Of course Aunt Frances didn’t let him off as easily as that, you may be sure. She fluttered around him as he tried to go, and she said all sorts of fluttery things to him, like “But, Doctor, she hasn’t gained a pound in three months ... and her sleep ... and her appetite ... and her nerves ...”
[Illustration: Elizabeth Ann stood up before the doctor.]
The doctor said back to her, as he put on his hat, all the things doctors always say under such conditions: “More beefsteak ... plenty of fresh air ... more sleep ... SHE’ll be all right ...” but his voice did not sound as though he thought what he was saying amounted to much. Nor did Elizabeth Ann. She had hoped for some spectacular red pills to be taken every half-hour, like those Grace’s doctor gave her whenever she felt low in her mind.
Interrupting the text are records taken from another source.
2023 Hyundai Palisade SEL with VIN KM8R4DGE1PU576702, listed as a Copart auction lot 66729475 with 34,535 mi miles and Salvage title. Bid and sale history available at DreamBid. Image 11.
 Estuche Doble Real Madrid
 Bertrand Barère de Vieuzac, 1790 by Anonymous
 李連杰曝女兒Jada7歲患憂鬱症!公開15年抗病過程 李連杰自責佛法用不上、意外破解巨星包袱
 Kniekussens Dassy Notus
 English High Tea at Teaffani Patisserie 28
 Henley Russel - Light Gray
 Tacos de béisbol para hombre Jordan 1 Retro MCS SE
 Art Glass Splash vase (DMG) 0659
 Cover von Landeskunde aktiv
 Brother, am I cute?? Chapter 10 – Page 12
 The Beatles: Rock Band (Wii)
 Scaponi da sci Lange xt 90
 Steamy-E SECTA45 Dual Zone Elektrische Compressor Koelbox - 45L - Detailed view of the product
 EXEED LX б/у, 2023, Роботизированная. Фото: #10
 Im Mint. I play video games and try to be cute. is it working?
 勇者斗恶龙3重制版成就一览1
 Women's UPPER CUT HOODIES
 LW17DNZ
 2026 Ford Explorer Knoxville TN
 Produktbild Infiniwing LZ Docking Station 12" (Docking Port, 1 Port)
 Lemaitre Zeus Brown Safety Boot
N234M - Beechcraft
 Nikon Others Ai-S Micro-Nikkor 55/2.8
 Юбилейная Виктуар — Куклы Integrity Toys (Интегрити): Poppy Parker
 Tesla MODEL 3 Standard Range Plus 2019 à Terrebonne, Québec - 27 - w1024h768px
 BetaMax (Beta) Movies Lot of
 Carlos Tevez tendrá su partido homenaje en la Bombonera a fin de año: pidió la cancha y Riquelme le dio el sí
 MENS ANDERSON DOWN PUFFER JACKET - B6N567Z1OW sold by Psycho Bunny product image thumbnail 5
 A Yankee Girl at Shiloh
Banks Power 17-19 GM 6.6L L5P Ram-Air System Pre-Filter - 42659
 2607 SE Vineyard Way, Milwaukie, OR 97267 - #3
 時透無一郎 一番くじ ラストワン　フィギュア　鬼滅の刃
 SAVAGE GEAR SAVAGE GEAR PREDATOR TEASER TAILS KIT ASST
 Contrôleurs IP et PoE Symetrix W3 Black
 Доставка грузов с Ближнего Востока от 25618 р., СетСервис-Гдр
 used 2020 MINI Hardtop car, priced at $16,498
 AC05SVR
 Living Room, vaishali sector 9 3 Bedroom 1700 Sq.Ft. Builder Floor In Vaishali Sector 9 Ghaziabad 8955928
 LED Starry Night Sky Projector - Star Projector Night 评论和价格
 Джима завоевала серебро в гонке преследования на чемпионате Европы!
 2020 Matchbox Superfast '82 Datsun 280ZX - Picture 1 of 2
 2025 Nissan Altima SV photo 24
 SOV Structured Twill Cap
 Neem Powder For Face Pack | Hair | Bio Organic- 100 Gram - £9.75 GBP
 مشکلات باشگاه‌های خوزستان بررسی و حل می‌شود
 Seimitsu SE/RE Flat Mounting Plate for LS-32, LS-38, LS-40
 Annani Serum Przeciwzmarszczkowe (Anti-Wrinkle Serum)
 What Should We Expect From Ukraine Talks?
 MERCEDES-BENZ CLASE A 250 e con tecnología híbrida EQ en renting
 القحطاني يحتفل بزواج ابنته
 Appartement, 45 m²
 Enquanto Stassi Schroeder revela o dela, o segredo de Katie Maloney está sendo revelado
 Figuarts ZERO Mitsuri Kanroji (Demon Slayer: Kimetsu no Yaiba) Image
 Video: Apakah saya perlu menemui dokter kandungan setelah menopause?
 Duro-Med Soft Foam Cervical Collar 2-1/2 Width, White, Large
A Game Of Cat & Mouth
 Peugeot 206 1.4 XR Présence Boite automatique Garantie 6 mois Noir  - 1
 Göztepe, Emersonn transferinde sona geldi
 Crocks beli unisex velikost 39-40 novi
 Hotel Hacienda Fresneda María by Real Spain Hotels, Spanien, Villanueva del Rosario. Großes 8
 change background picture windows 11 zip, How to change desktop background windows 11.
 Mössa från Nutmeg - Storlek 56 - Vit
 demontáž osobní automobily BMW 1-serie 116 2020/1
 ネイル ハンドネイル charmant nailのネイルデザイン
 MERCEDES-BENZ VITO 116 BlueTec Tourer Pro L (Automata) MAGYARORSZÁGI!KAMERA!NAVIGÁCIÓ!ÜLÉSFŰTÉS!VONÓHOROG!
And just then something happened which changed Elizabeth Ann’s life forever and ever. It was a very small thing, too. Aunt Harriet coughed. Elizabeth Ann did not think it at all a bad-sounding cough in comparison with Grace’s hollow whoop; Aunt Harriet had been coughing like that ever since the cold weather set in, for three or four months now, and nobody had thought anything of it, because they were all so much occupied in taking care of the sensitive, nervous little girl who needed so much care.
And yet, at the sound of that little discreet cough behind Aunt Harriet’s hand, the doctor whirled around and fixed his sharp eyes on her, with all the bored, impatient look gone, the first time Elizabeth Ann had ever seen him look interested. “What’s that? What’s that?” he said, going over quickly to Aunt Harriet. He snatched out of his little bag a shiny thing with two rubber tubes attached, and he put the ends of the tubes in his ears and the shiny thing up against Aunt Harriet, who was saying, “It’s nothing, Doctor ... a little teasing cough I’ve had this winter. And I meant to tell you, too, but I forgot it, that that sore spot on my lungs doesn’t go away as it ought to.”